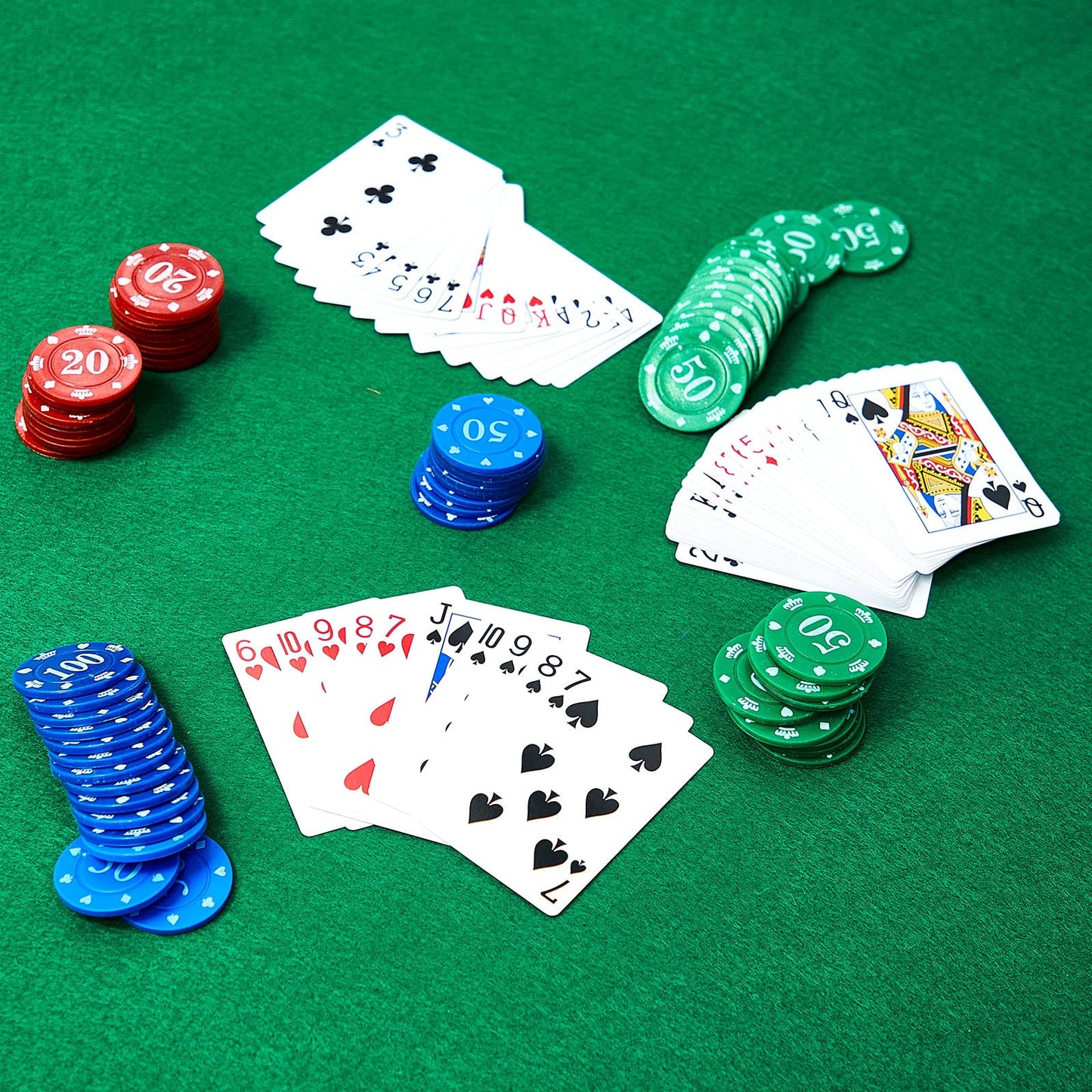 Mixweer 2-Piece Poker Table Top Mat Set – Premium Green Felt (36x72), Reversible & Foldable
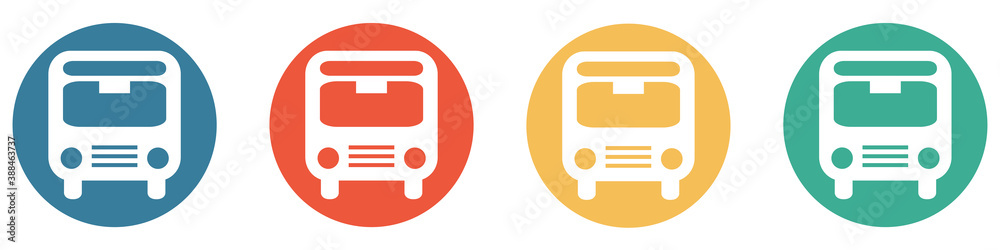 Bunter Banner mit 4 Buttons: Bus, Fernbus oder öffentlichen Nahverkehr Bunter Banner mit 4 Buttons: Bus, Fernbus oder öffentlichen Nahverkehr
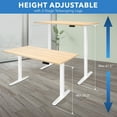 thumbnail image 2 of Mount-It! Electric Sit-Stand Desk with 55" Desktop, Ergonomic, White Frame, Maple Brown, 2 of 9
---+---
* **WHAT IS EXPECTED**
In the data above, find the line with "öffentlichen Nahverkehr Bunter" and repeat it and every line after it through the end, exactly; leave the pictures out.

* **SOLUTION TO THIS EXERCISE**
 Bunter Banner mit 4 Buttons: Bus, Fernbus oder öffentlichen Nahverkehr Bunter Banner mit 4 Buttons: Bus, Fernbus oder öffentlichen Nahverkehr
 thumbnail image 2 of Mount-It! Electric Sit-Stand Desk with 55" Desktop, Ergonomic, White Frame, Maple Brown, 2 of 9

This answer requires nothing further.